Regardless of the performance, the PSG forward will become the first player since Pele to win two World Cups at such a young age if France beat Argentina. That is esteemed company to be in and an indication of what might be to come.
That Mbappe has well over a decade left to terrorise defenders and add to his already glittering list of personal awards and trophies is a frightening prospect.
It perhaps takes some of the edge off, too, given that it seems almost certain he will be back at this stage at some point in a France shirt.
His PSG team-mate Messi, meanwhile, doesn’t have time on his side and revealed earlier in the tournament that this will be his final World Cup. It's the last chance saloon for the Argentine great, but perhaps only the second opportunity of many for Mbappe.
And the Frenchman would appear to highly fancy his nation's chances on Sunday, stating in an interview earlier this year: “Argentina haven't played games of great quality to reach the World Cup.
“In South America, football isn't as advanced as Europe. That's why if you look at the last World Cups, it's always the Europeans that win.”
Those comments didn’t go down well amongst the Argentina squad, with Emiliano Martinez and Lautaro Martinez hitting back publicly. The inflammatory remarks could serve as extra motivation for France’s opponents.
But Mbappe’s bullishness, his almost cocky demeanour on the pitch, is part of what makes him so good. He believes his own hype. He plays with the kind of unshakeable self-assurance very few others can match.
That is partly why he is so popular, too, aside from the explosiveness, the athleticism, the variety of his goals. There are shades of Cristiano Ronaldo, so long the antithesis of Messi, to Mbappe.
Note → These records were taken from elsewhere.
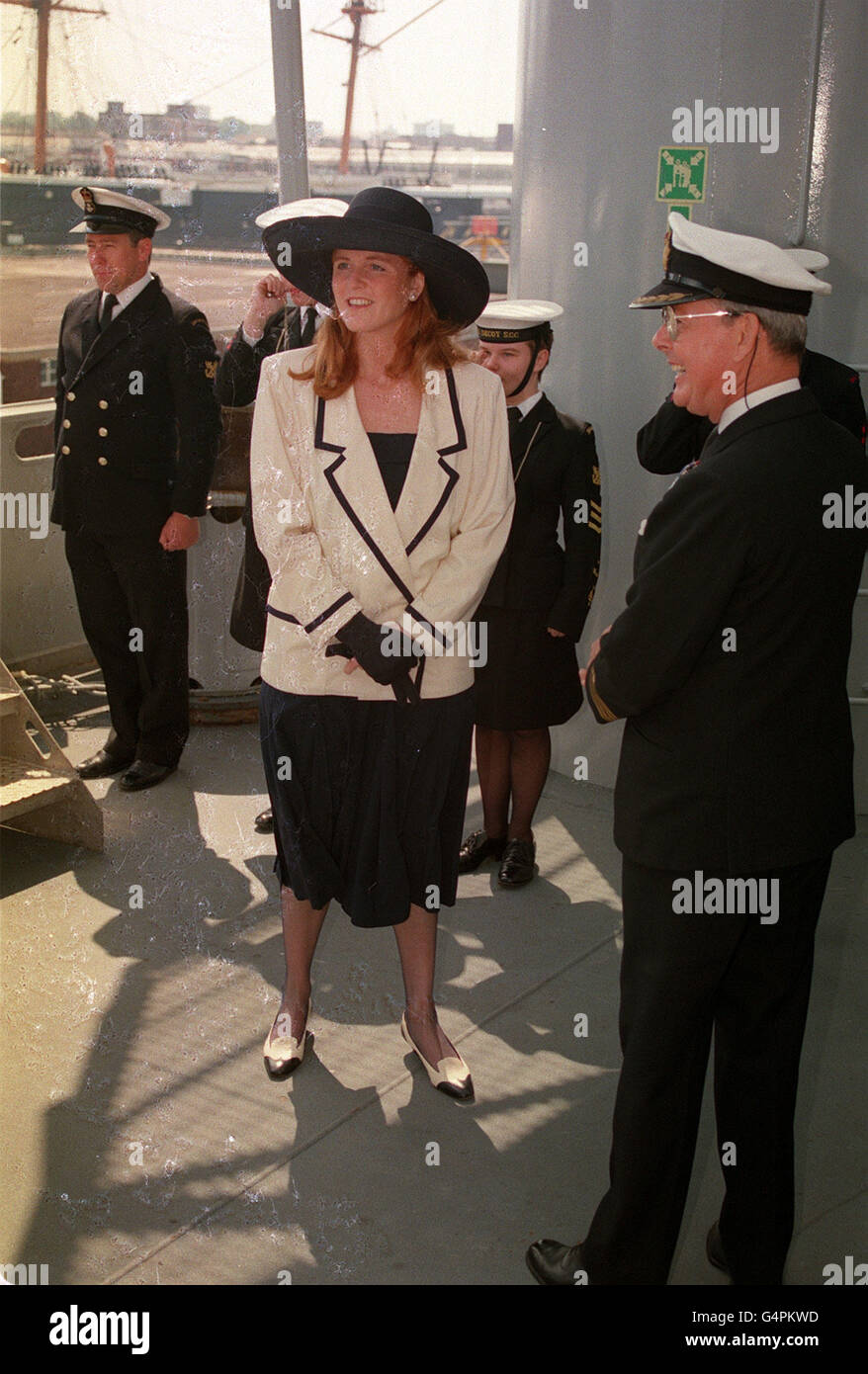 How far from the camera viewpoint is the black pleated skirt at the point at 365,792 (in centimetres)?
288

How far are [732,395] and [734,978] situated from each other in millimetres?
963

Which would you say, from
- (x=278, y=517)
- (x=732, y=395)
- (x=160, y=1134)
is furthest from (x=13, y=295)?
(x=732, y=395)

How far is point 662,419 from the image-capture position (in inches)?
135

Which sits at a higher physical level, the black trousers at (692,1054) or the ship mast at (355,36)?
the ship mast at (355,36)

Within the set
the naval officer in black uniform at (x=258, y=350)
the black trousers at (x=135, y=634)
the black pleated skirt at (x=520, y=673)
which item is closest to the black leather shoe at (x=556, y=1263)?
the black pleated skirt at (x=520, y=673)

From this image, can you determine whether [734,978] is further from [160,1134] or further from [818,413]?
[160,1134]

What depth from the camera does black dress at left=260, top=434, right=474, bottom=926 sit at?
9.46ft

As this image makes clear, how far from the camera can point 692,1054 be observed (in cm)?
217

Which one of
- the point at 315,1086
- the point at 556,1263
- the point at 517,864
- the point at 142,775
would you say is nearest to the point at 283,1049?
the point at 315,1086

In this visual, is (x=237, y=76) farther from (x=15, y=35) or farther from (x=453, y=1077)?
(x=453, y=1077)

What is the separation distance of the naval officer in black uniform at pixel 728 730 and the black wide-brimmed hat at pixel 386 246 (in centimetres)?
67

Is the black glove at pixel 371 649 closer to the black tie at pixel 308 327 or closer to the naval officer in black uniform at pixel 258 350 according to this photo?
the naval officer in black uniform at pixel 258 350

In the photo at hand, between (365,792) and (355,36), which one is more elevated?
(355,36)

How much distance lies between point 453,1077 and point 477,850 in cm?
120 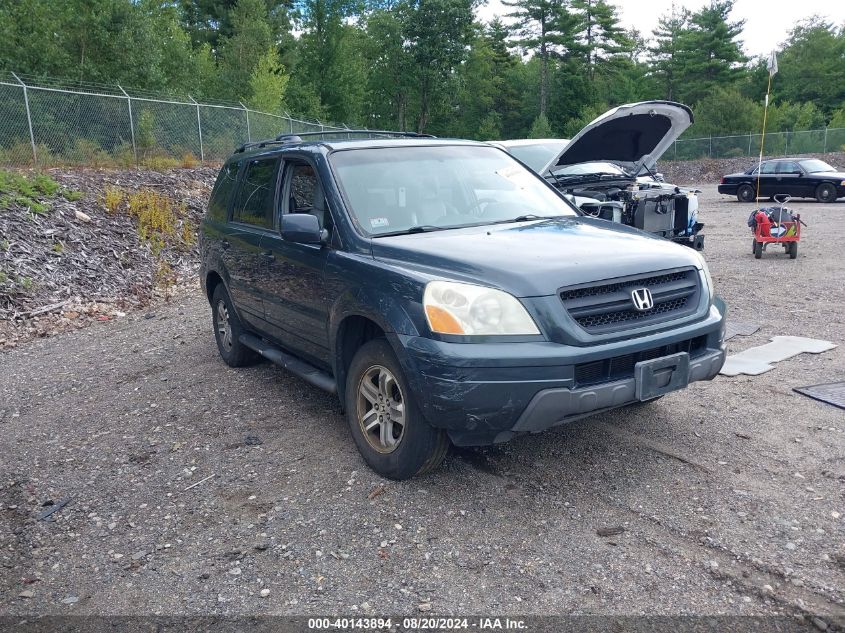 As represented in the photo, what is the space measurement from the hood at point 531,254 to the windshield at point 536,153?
7090 mm

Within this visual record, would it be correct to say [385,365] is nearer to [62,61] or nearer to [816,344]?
[816,344]

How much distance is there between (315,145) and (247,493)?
236 cm

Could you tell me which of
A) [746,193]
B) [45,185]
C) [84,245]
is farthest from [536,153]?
[746,193]

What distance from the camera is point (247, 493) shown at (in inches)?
160

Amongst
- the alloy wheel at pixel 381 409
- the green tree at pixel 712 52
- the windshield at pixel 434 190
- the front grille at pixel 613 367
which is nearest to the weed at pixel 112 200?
the windshield at pixel 434 190

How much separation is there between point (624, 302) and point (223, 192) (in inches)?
162

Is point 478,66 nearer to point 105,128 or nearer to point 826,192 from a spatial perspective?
point 826,192

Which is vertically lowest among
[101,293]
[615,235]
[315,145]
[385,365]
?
[101,293]

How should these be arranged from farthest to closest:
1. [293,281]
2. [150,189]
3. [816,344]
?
[150,189], [816,344], [293,281]

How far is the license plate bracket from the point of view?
3.60 metres

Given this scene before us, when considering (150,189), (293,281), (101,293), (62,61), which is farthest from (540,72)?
(293,281)

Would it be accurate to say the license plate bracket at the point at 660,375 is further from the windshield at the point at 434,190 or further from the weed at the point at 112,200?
the weed at the point at 112,200

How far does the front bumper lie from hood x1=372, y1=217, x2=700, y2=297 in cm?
34

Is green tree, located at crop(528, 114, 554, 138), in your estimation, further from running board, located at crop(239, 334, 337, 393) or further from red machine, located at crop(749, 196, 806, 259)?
running board, located at crop(239, 334, 337, 393) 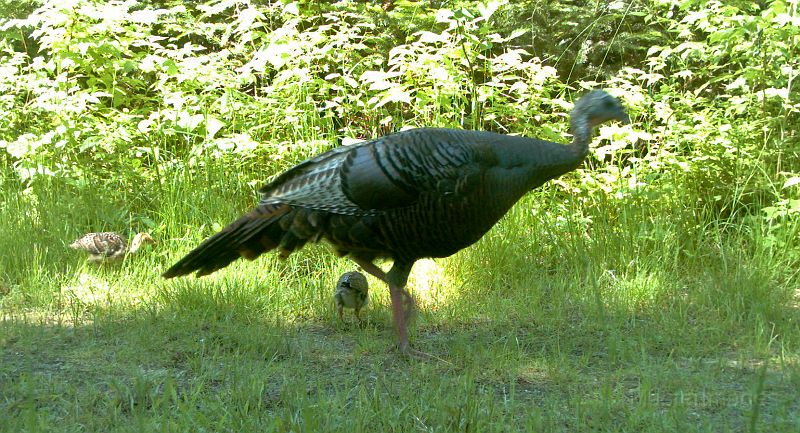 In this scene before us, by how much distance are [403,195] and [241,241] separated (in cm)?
102

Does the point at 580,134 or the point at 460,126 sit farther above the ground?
Answer: the point at 580,134

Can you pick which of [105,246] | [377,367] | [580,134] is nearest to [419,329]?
[377,367]

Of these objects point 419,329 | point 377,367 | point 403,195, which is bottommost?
point 419,329

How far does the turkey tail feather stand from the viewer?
4.60 m

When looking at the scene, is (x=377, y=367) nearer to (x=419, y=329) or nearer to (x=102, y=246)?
(x=419, y=329)

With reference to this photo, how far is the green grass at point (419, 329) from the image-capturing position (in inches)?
141

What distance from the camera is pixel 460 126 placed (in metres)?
6.59

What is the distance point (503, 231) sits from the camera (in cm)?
612

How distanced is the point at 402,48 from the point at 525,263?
87.1 inches

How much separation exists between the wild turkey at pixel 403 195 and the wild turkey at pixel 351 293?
0.35 metres

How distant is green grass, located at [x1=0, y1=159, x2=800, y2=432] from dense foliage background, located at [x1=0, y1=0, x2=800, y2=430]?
4 centimetres

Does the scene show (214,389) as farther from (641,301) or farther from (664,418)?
(641,301)

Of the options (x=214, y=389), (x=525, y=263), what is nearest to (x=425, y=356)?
(x=214, y=389)

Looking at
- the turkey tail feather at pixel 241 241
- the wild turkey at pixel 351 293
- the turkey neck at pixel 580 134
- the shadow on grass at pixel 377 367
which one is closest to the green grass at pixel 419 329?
the shadow on grass at pixel 377 367
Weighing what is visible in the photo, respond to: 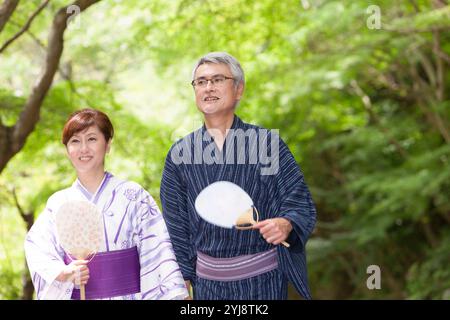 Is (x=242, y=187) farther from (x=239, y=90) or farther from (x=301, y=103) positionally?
(x=301, y=103)

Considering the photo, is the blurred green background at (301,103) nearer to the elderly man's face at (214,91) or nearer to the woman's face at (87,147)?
the elderly man's face at (214,91)

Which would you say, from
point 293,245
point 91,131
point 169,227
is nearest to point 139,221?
point 169,227

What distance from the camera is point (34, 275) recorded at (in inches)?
124

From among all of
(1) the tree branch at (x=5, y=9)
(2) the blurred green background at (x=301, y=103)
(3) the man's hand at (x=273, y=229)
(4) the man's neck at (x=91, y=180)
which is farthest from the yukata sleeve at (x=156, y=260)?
(1) the tree branch at (x=5, y=9)

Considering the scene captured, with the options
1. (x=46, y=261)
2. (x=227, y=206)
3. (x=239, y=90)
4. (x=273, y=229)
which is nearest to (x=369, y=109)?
(x=239, y=90)

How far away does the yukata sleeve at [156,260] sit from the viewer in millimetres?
3207

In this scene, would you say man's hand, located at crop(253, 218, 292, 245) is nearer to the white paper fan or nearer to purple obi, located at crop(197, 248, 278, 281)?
the white paper fan

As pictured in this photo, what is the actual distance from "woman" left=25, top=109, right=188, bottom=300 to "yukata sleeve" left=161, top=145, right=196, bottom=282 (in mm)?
80

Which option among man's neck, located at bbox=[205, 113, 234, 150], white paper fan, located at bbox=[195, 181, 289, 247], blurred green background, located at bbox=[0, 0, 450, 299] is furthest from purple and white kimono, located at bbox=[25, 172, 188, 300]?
blurred green background, located at bbox=[0, 0, 450, 299]

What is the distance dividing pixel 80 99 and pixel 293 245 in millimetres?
5752

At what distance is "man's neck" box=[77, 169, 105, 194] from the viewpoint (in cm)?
328

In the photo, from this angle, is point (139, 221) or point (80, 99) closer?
point (139, 221) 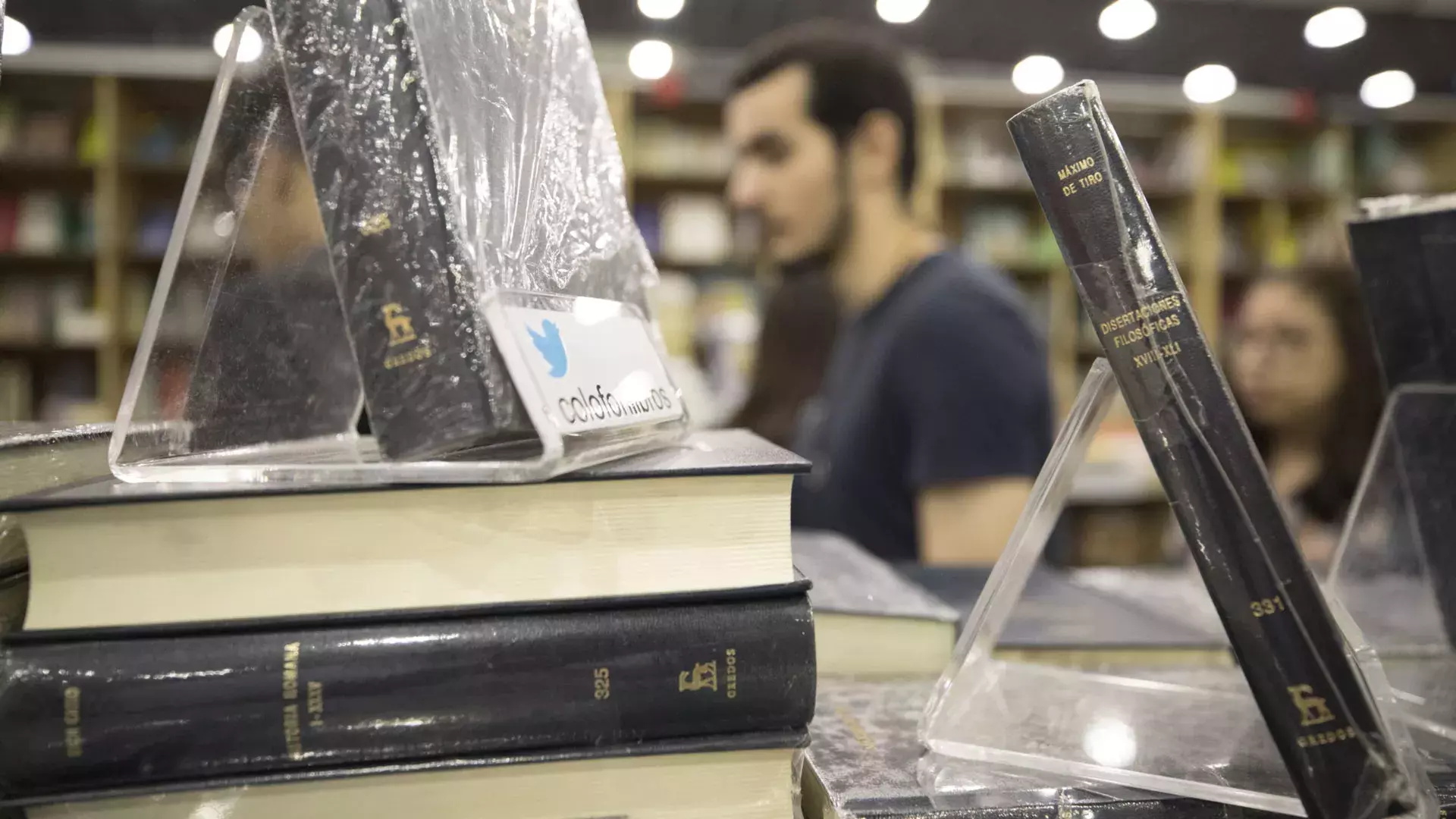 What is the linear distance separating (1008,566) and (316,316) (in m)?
0.41

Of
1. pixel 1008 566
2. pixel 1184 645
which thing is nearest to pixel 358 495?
pixel 1008 566

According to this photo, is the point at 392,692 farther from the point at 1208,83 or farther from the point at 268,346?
the point at 1208,83

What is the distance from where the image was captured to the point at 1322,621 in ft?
1.08

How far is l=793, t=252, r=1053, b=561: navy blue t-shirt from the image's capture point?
1.02 meters

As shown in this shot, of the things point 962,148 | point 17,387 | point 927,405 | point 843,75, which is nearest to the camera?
point 927,405

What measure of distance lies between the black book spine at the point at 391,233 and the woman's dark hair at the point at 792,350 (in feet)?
4.45

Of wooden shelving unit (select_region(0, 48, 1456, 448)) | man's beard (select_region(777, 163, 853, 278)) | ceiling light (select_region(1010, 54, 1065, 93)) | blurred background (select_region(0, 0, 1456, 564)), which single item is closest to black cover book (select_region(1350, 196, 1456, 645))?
man's beard (select_region(777, 163, 853, 278))

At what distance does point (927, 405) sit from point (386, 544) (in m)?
0.81

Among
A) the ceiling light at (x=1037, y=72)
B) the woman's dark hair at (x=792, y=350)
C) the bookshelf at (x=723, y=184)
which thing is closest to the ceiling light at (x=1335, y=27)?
the bookshelf at (x=723, y=184)

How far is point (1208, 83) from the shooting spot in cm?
302

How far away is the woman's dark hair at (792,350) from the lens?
1711mm

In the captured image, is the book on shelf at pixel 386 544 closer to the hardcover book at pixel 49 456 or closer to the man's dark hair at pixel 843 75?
the hardcover book at pixel 49 456

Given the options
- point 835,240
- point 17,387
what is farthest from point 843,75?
point 17,387

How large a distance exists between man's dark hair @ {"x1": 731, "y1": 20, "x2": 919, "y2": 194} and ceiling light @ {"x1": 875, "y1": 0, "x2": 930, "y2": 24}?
1.59 meters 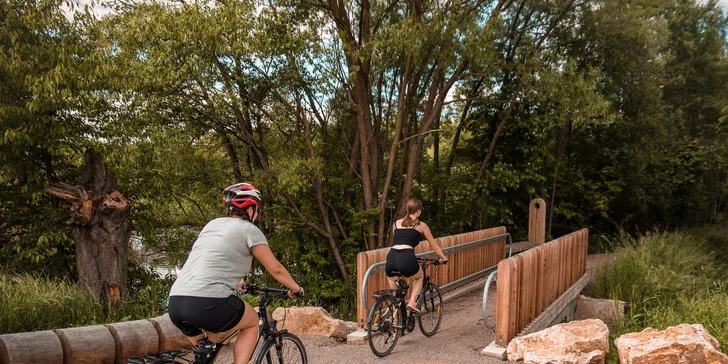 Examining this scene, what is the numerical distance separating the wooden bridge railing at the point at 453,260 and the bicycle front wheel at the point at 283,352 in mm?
2433

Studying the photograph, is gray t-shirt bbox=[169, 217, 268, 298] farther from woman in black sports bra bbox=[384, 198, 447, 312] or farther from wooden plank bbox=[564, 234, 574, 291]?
wooden plank bbox=[564, 234, 574, 291]

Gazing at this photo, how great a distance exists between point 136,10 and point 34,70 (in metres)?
2.74

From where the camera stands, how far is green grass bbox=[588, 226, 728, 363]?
6941mm

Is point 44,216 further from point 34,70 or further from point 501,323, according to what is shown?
point 501,323

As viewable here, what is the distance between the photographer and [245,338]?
3.30 metres

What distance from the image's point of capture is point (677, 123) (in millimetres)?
21125

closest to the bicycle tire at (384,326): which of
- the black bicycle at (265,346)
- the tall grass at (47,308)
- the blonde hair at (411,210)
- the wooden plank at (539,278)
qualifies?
the blonde hair at (411,210)

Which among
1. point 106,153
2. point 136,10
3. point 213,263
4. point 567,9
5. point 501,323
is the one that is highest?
point 567,9

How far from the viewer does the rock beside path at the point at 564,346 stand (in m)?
5.21

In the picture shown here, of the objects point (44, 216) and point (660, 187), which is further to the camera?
point (660, 187)

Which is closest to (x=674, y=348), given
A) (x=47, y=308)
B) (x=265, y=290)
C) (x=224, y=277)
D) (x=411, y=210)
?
(x=411, y=210)

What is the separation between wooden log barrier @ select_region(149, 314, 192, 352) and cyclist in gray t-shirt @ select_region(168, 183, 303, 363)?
251 centimetres

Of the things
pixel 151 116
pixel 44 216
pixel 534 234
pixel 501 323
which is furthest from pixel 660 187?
pixel 44 216

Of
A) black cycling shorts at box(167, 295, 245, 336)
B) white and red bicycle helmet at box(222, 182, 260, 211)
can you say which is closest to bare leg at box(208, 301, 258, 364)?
black cycling shorts at box(167, 295, 245, 336) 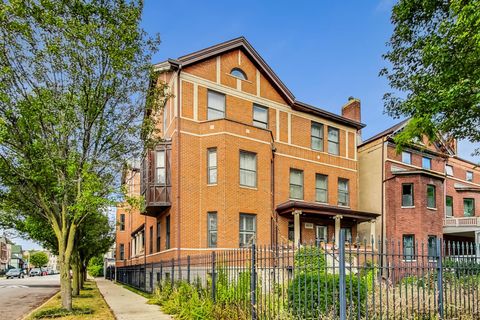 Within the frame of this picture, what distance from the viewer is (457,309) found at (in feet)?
30.2

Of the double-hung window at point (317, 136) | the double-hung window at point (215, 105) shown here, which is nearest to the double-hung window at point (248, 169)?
the double-hung window at point (215, 105)

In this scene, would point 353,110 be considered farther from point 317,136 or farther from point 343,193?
point 343,193

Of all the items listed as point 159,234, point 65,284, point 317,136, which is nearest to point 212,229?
point 159,234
The narrative is set perfectly for Sunday’s final: Mbappe, the youthful interloper ready to assert himself and overshadow the man many consider the greatest of all time.
And make no mistake about it, club allegiances or not, Mbappe will relish the opportunity to steal the limelight away from Messi in front of a sea of white and blue shirts.
“I always say I dream about everything. I have no limits,” Mbappe said in September. “So of course, it’s a new generation.
“And Ronaldo, Messi — you’re gonna stop. We have to find someone else, someone new.”